Tuesday 24 February 2009

Dainoji



Saturday night I met up with a friend and some friends for a night in a place called Club Que in Shimokitazawa. We thought we knew what we were in for (UK ROCK) but we didn't really know the truth of it.

The first thing that seemed a bit amiss...was that the club was filled with women. Sudden excitement followed by creeping suspicions. Wait a second... Had we chanced upon some kind of lesbian bar? ..Would they get hostile to us? ..Would they all turn into vampires past midnight?

Sure enough, the DJ soon quits the decks and the stage and shortly after we'd paid a hefty 2,800 yen entrance fee and stowed our jackets bags things in a big bag, Dainoji appeared.

I didn't know who he was, but surely he was the reason for the lesbian vampires. The crowd went apoplectic. If we were going to get eaten, it was now.

Wearing what I'd later discover is a trademark, tiger-print sweatshirt he strutted onto the stage with an awkward swagger that didn't fit him as well as the sweatshirt. He wandered from side to side of the narrow stage with little hip bobs, head nods and apparently exaggerated, mimed acknowledgement of calls from the audience (who were to busy hopping and throwing themselves around for much else). The dancers appeared, they all made some tight little formation as a unit and the music started.

It soon transpired that Dainoji is no ordinary performer. Rather than performer maybe pretend performer is a better description. For I later found out that he is a household name in Japan as the ex-double world Air Guitar champion. He showed us his moves on Saturday night, alongside the carefully coordinated troupe of dancers. Once, he scissor-kicked his way off the two and a half foot stage and dashed towards us. For 30 seconds or so, we were given the privelege of watching Dainoji in action, miming guitar frets and neck rattles, up close between the bar and the exit.
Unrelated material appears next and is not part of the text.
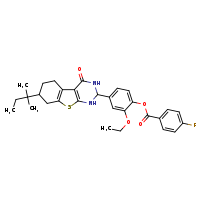 2-ethoxy-4-[11-(2-methylbutan-2-yl)-3-oxo-8-thia-4,6-diazatricyclo[7.4.0.0²,?]trideca-1(9),2(7)-dien-5-yl]phenyl 4-fluorobenzoate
The end for us came soon after my friend Ian's failed attempt at escape. Staggering with disbelief and tripping over vampire lesbian feet in his eagerness, desperation to get out he came to the same position Dainoji had recently occupied, between the bar and the exit. From there you could not see the stage but from my position, I had a view of the stage and Ian. With a wonderful synchrony, just as Ian was shouting over the din 'I cannot believe this', unbeknownst to him his friend Sam was being dragged onto the stage to attempt a succession of coordinated dance moves (for public ridicule). Ian heard a whole load of Japanese and the word gaikokujin! (foreigner!) and guessed it with a dumbfounded look to his face.

Shortly after this, we left and laughed about it and drank til the first trains were running out of Shimokitazawa.